The latest top 10 list — which also includes Kerry Washington, Mindy Kaling, and Priyanka Chopra — has the most women of color since Forbes started the ranking in 2008.
Notably, top-earning actresses on the tube are more diverse than their silver screen peers this year: Of the 10 best-paid TV actresses, there are twice as many non-white women as on the 2016 list of highest-paid film actresses, which is led by Jennifer Lawrence.
And there's more good news for female TV actresses of color.
This year, the share of black female TV characters ticked up (17%, versus 15% the previous year), and so did those of Latina (5% versus 3%) and Asian (5% versus 4%) characters — while white women now comprise 71% of characters, compared with 77% previously, per a newly released study from San Diego State University.

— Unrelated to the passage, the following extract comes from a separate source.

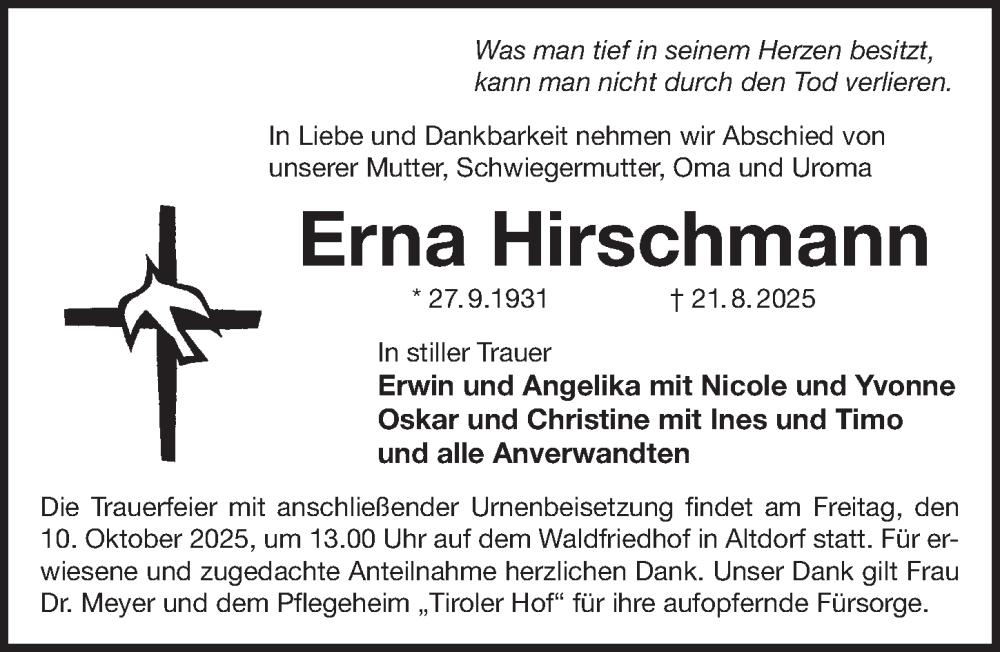  Traueranzeige für Erna Hirschmann vom 04.10.2025 aus Der Bote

These shifts stand in contrast to the researcher's analysis of top 2015 films — in which women of color comprised less than a quarter of all female roles.
Here's the full top-paid list, via Forbes:
1. Sofia Vergara, $43 million
2. Kaley Cuoco, $24.5 million
3. Mindy Kaling, $15 million
4. Mariska Hargitay, $14.5 million
5. Ellen Pompeo, $14.5 million
6. Kerry Washington, $13.5 million
7. Stana Katic, $12 million
8. Priyanka Chopra, $11 million
9. Julianna Margulies, $10.5 million
10. Julie Bowen, $10 million
Now, before you celebrate TV's diversity too enthusiastically, there are a few key caveats. For one, more than half of Vergara's big pull this year comes from endorsement and licensing deals — not her role on Modern Family.
Cuoco, on the other hand, earned most of her moolah from CBS's The Big Bang Theory, for which she receives $1 million per episode.
Also, the same San Diego study above includes some bad news for television actresses of all races: The share of important female TV characters versus their male counterparts — including speaking and lead roles — actually declined this past year. Women are still far less likely than men to be portrayed as leaders and far more likely than men to be cast in stereotypical roles, like caretakers and love interests.
And behind the scenes?
Women fared even worse: 91% of TV shows had no female directors, 78% lacked female editors, 76% lacked female creators and 71% had zero female writers.
That's a reminder that seeing big names like Mindy Project creator Mindy Kaling and Grey's Anatomy creator Shonda Rhimes on various "top" lists is not enough to declare that women of color have conquered TV.
The reality remains that television's female roles — both onscreen and off — are still ripe for upheaval.